Moving the Needle
Like the slap of an angry pimp there is a hard feel, an indifferent caress to many inner city streets. While teeming with life, a whiff of self loathing, an air of desperation and a sense of resignation dominate the boulevard. Existence is graphic, gritty and asphalt tough. “Fail, destroy, live short and die” is the silent but strident message. “You are nothing and your life means nothing” is the unspoken but unmistakable reply. More depressing virtually the same message, the same reply exists in every urban community in America.
There are many who stand against the tide.

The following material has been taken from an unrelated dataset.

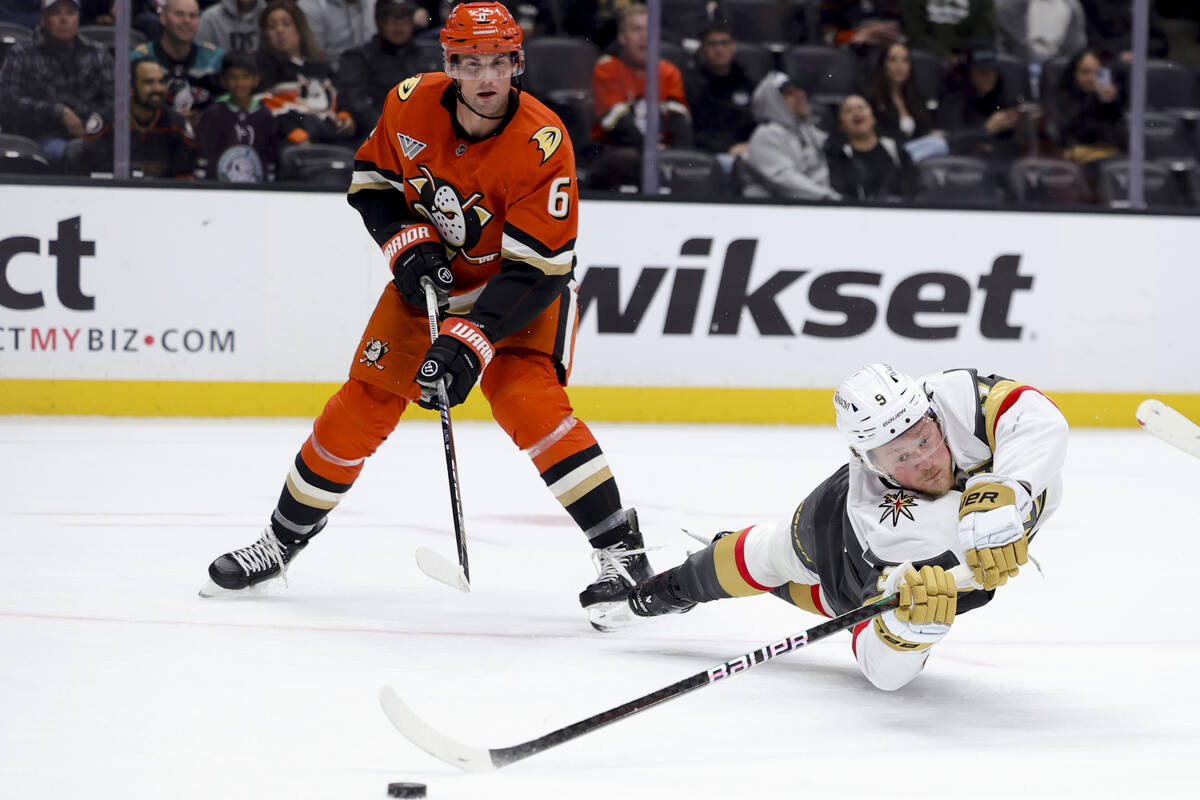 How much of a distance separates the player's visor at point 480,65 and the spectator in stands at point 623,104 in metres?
3.30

Churches feed and minister to the poor, local leaders champion their respective communities and organizations provide jobs and human service assistance to all they can. We honor their service.
Still, our situation continues to deteriorate. Regardless the amount of gas we put in the tank we are not moving the needle. Despite our best efforts, no matter how many programs and initiatives we implement, we are not moving the ball downfield, a problem due in large part to our self-imposed limitations and dogged pursuit of strategies/tactics that have proven to be ineffective.
We focus on effort instead of results, concentrate on programs rather than policies, engage in meaningless symbolism and elevate form over substance. For example, naming a street for a community leader is good. Many deserve such recognition. However, eliminating the crime and urban blight that burdens it is significantly better.
We also cling to the belief that the world owes us something and that we can save everyone when in fact it does not and we can not. Whatever debt is owed to African-Americans can not be collected by African-Americans. And there are many who will not and can not be helped.
More significantly, either because we have fallen prey to self-delusion, don’t know what to do, have become comfortable with old habits or rationalize our ineffectiveness, we refuse to change a losing strategy. We are the blender that has only one speed, the football team that runs the same play on every down or the car hopelessly stuck in the mud yet endlessly spinning its wheels.
We confine ourselves to doing only that which we have always done. In fact we are hostile to change, lashing out at change agents as heretics and non-believers. As a result, things have gotten progressively worse as parents parent or not, families nurture of not and schools educate or not. This is our challenge, a dare we are obligated to meet as follows.
First, the goal must be nothing less than cultural and structural climate change. Our sympathies are often misplaced. There is an unprecedented level of gun violence in the African-American community, caused in large part by an entrenched criminal element that is deadly, determined and preys almost exclusively on other blacks.
We owe nothing to those who would harm us even if they are us. And we will not succeed until and unless we eliminate these and other pollutants that despoil our communities, whoever or whatever they may be.
Nor can we waste time or effort trying to transform those who refuse to be transformed. We should instead focus on helping those who want to or can be helped. And if current leadership will not or can not take us in a new direction, then we must cultivate new leaders, structures and organizations by which to advance the cause.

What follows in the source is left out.